### EXTRACTED MATERIAL

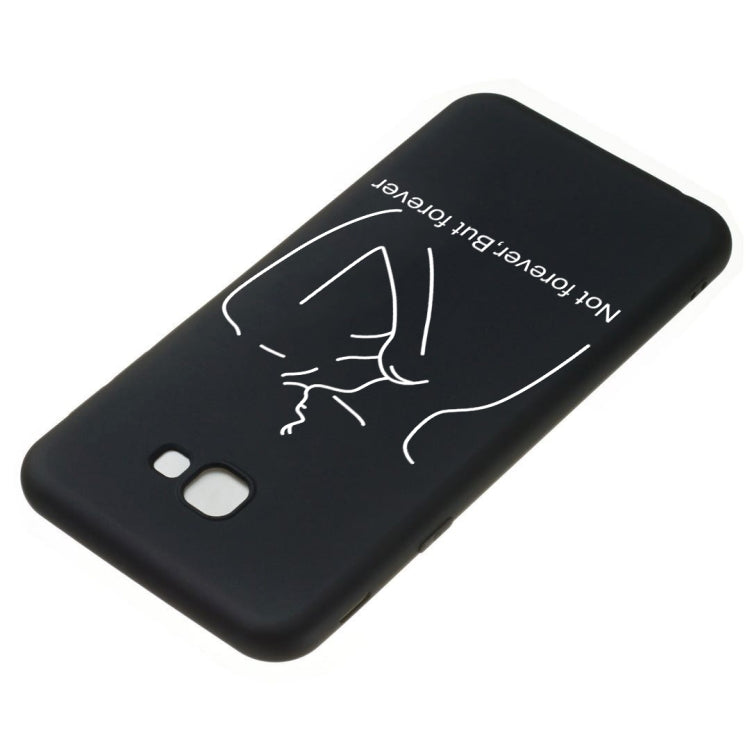Distance Painted Pattern Soft TPU Case for Galaxy J4+
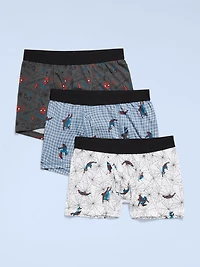 Old Navy x Marvel Spider-Man Boxer-Briefs Underwear 3-Pack for Boys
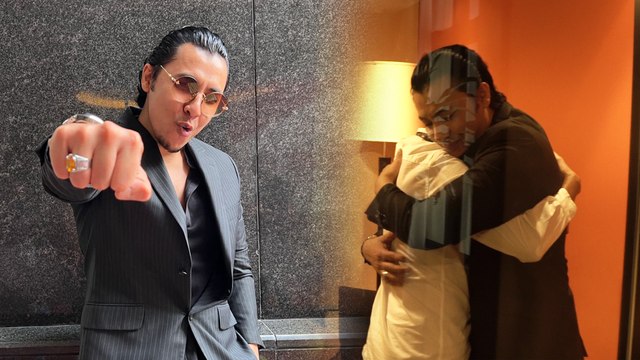 Panas! Syamsul Yusof tiba-tiba muncul cari mana wartawan mStar?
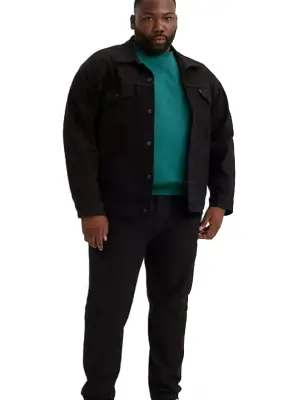 LEVIS  JEAN'S 512 SLIM TAPER Noir — photo 3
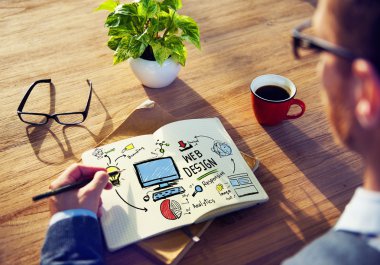 içerik yaratıcılık dijital grafik düzeni webdesign Web sayfası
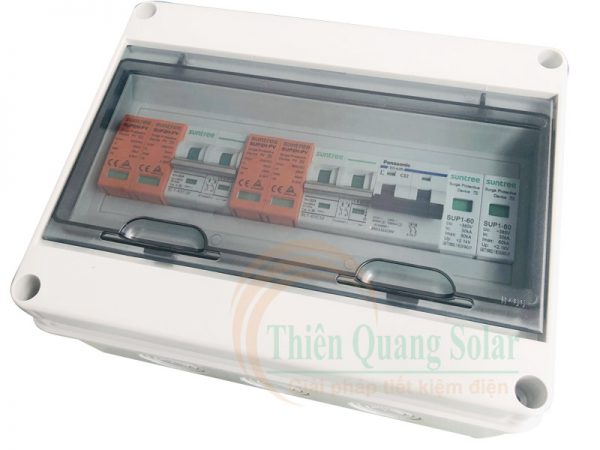 Tủ điện năng lượng mặt trời 5kw 1 pha
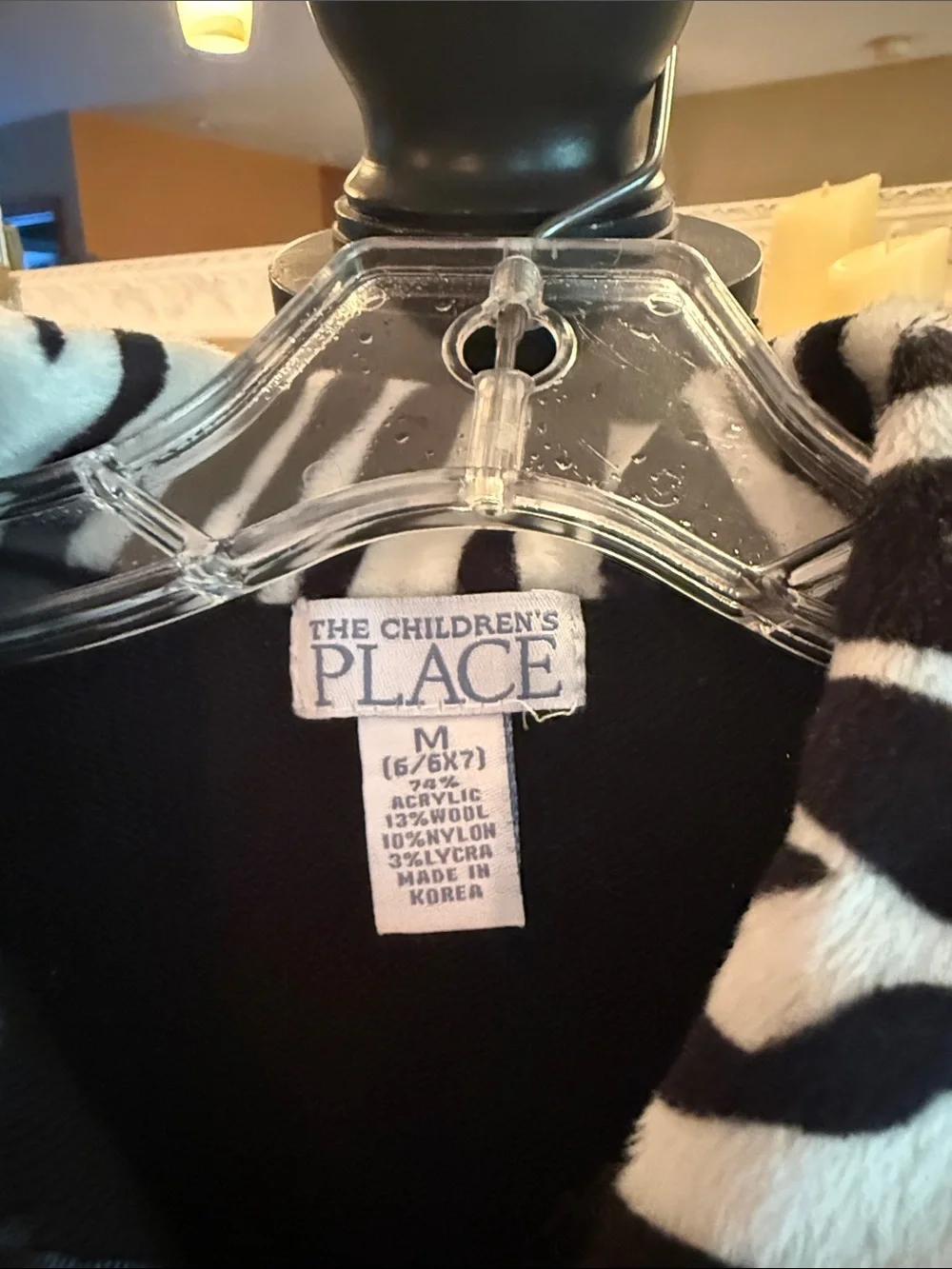 The Childrens Place black button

######

• YOUR TASK: Word for word, restate all of the entries above and leave each picture out.

• RESPONSE BELOW:
Distance Painted Pattern Soft TPU Case for Galaxy J4+
 Old Navy x Marvel Spider-Man Boxer-Briefs Underwear 3-Pack for Boys
 Panas! Syamsul Yusof tiba-tiba muncul cari mana wartawan mStar?
 LEVIS  JEAN'S 512 SLIM TAPER Noir — photo 3
 içerik yaratıcılık dijital grafik düzeni webdesign Web sayfası
 Tủ điện năng lượng mặt trời 5kw 1 pha
 The Childrens Place black button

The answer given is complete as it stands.